- Opening Delimiter -

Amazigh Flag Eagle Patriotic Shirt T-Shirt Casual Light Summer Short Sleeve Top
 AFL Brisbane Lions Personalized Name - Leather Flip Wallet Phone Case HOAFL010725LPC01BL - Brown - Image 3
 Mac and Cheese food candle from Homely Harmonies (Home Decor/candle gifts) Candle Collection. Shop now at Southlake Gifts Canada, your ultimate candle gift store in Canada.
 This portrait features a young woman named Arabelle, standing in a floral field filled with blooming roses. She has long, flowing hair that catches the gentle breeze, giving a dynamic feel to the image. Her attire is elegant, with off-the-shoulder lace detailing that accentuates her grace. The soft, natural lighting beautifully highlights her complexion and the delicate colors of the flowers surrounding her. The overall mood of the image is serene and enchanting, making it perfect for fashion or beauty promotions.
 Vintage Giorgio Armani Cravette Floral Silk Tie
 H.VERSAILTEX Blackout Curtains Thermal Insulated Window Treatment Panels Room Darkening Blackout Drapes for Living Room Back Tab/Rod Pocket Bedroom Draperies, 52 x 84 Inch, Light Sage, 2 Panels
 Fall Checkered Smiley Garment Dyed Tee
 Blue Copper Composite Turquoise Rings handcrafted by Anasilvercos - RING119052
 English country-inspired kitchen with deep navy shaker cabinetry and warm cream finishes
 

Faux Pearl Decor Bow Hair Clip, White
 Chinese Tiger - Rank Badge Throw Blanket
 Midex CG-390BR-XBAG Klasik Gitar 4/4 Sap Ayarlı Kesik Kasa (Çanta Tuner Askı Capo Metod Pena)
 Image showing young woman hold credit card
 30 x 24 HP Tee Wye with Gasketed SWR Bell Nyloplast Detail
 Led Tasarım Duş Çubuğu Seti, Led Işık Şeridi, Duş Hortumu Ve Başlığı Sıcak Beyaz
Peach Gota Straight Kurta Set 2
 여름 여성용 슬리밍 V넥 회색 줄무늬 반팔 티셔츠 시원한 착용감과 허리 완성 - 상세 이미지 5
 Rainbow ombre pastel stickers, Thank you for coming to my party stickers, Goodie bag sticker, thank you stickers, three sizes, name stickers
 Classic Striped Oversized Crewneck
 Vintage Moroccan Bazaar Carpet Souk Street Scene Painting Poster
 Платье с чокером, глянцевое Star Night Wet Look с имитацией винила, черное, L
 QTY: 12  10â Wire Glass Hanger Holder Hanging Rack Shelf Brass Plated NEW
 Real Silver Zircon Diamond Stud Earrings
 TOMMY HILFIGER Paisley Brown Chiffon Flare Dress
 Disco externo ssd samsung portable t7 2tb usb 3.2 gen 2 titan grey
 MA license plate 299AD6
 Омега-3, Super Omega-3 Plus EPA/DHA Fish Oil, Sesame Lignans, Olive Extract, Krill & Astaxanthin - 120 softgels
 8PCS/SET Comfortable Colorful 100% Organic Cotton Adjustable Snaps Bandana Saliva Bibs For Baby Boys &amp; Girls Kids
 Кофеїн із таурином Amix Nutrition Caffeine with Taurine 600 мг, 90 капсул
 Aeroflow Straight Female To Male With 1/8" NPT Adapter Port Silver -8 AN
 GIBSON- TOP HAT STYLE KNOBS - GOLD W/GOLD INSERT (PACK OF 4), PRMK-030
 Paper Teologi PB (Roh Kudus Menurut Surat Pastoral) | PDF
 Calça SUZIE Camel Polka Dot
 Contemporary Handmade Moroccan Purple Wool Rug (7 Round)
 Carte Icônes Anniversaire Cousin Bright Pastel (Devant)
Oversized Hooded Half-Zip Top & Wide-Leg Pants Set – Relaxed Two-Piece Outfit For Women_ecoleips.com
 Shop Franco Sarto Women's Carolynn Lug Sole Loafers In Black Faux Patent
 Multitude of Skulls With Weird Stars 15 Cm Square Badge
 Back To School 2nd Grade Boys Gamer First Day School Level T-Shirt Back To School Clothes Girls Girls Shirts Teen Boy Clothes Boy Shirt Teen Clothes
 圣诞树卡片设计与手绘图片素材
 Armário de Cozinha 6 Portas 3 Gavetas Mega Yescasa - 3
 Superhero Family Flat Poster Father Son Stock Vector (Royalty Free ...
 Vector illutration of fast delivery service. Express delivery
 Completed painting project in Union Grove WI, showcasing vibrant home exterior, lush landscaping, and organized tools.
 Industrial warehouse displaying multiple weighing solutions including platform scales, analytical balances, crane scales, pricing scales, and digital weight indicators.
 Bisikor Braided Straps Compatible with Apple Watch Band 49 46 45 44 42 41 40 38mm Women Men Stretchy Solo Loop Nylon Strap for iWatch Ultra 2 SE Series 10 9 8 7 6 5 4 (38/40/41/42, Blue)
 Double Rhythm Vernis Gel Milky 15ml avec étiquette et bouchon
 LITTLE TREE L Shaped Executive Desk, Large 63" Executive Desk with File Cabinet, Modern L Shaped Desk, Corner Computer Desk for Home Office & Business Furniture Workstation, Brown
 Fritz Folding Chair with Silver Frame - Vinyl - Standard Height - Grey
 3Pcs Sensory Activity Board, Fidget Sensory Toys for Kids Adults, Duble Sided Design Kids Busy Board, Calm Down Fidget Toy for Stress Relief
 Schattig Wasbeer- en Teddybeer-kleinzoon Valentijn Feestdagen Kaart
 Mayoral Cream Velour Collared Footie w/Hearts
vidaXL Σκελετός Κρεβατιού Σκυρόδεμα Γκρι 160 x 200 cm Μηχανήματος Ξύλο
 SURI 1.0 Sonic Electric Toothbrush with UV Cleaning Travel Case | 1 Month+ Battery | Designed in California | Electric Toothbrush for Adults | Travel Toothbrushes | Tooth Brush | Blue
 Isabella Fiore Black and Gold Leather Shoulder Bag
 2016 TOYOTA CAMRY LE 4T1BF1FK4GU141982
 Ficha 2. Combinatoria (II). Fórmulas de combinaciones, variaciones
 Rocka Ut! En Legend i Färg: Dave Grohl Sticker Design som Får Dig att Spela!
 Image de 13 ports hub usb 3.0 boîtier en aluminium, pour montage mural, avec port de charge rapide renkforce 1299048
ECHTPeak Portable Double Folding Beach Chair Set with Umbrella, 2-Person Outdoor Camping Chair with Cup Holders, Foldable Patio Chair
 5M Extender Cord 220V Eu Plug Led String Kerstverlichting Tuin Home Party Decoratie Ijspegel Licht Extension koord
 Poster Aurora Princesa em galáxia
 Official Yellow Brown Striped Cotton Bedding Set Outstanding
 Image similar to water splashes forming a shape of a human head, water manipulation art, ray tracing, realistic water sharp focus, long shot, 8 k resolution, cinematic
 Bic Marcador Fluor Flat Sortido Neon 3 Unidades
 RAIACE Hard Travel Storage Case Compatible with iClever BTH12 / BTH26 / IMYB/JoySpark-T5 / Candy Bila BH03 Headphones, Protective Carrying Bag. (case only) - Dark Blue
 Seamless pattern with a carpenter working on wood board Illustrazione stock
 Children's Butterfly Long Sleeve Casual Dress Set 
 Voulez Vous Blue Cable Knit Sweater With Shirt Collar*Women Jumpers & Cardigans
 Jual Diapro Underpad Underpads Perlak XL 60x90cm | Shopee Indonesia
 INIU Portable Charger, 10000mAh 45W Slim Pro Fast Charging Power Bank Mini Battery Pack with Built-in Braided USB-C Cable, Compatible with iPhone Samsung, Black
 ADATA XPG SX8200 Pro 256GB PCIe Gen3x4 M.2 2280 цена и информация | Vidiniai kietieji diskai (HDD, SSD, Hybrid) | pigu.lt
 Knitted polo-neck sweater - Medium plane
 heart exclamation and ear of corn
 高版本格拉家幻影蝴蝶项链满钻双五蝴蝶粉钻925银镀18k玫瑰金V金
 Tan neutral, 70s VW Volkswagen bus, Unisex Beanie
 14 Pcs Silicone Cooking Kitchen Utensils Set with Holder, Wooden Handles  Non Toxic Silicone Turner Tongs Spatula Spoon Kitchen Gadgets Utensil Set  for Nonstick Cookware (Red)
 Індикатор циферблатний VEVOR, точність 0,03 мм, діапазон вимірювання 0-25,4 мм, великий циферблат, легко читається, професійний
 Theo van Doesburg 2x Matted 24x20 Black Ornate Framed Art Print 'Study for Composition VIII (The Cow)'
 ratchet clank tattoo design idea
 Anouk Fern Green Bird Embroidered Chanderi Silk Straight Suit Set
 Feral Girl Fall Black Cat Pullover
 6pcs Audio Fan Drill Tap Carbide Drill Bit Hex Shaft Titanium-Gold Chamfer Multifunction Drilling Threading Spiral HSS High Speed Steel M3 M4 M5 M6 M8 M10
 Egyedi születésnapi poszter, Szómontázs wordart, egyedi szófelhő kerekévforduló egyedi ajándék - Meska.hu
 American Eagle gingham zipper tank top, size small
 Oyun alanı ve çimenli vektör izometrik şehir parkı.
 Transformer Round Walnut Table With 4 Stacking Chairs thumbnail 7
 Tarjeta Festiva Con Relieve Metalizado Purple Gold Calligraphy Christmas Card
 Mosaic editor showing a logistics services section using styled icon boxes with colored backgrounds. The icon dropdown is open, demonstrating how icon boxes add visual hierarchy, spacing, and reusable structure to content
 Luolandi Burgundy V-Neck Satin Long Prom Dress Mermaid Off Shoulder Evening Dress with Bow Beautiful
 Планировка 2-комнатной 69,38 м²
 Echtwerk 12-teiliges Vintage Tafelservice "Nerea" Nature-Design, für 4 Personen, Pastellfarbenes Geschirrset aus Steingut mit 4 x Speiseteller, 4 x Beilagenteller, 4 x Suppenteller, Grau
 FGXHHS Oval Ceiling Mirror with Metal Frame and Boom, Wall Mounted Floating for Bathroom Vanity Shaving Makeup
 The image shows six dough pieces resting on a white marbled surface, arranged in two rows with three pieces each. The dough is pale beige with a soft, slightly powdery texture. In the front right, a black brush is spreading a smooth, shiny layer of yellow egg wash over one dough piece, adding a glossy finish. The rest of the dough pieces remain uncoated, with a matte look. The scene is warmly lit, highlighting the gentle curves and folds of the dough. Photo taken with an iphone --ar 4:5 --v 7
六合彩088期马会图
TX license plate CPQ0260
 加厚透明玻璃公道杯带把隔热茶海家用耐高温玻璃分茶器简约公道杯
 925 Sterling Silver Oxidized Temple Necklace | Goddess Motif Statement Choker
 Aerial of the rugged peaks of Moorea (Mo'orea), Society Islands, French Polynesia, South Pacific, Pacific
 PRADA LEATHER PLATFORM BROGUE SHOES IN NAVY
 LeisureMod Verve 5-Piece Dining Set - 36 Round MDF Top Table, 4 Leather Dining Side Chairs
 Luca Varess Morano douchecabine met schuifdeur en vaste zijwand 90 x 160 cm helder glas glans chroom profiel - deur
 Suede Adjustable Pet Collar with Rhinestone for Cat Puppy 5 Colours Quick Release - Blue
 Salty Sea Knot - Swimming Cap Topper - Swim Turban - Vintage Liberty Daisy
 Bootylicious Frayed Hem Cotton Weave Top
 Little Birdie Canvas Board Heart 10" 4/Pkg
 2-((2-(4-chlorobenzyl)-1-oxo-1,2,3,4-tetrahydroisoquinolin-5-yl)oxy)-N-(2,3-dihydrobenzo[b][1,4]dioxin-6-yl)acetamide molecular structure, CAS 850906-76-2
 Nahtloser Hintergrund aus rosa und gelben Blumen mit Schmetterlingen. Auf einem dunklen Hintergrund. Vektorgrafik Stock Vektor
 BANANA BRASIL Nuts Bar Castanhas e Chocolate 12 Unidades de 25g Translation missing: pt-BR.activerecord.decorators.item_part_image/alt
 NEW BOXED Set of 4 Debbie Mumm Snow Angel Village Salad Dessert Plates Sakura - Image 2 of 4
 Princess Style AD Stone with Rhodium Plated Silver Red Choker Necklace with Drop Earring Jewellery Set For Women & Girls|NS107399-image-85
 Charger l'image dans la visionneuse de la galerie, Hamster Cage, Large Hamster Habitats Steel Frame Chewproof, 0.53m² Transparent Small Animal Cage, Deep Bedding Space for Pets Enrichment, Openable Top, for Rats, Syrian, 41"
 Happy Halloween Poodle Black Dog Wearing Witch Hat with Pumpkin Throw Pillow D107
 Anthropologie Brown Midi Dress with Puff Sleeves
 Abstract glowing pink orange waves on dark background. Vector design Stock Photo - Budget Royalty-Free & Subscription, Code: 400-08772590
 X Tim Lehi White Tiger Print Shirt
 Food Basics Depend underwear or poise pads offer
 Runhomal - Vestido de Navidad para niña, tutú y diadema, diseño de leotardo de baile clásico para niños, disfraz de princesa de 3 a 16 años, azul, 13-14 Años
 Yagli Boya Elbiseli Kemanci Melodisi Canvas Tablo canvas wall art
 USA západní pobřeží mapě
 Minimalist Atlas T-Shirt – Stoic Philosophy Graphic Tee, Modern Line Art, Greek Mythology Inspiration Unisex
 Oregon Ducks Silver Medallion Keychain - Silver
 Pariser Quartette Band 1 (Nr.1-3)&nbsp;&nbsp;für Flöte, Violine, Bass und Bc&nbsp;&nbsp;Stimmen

- Closing Delimiter -

» Task goal: In the data above, find each line that has the word "Folding" and copy it out.

» Result of this task:
 Fritz Folding Chair with Silver Frame - Vinyl - Standard Height - Grey
ECHTPeak Portable Double Folding Beach Chair Set with Umbrella, 2-Person Outdoor Camping Chair with Cup Holders, Foldable Patio Chair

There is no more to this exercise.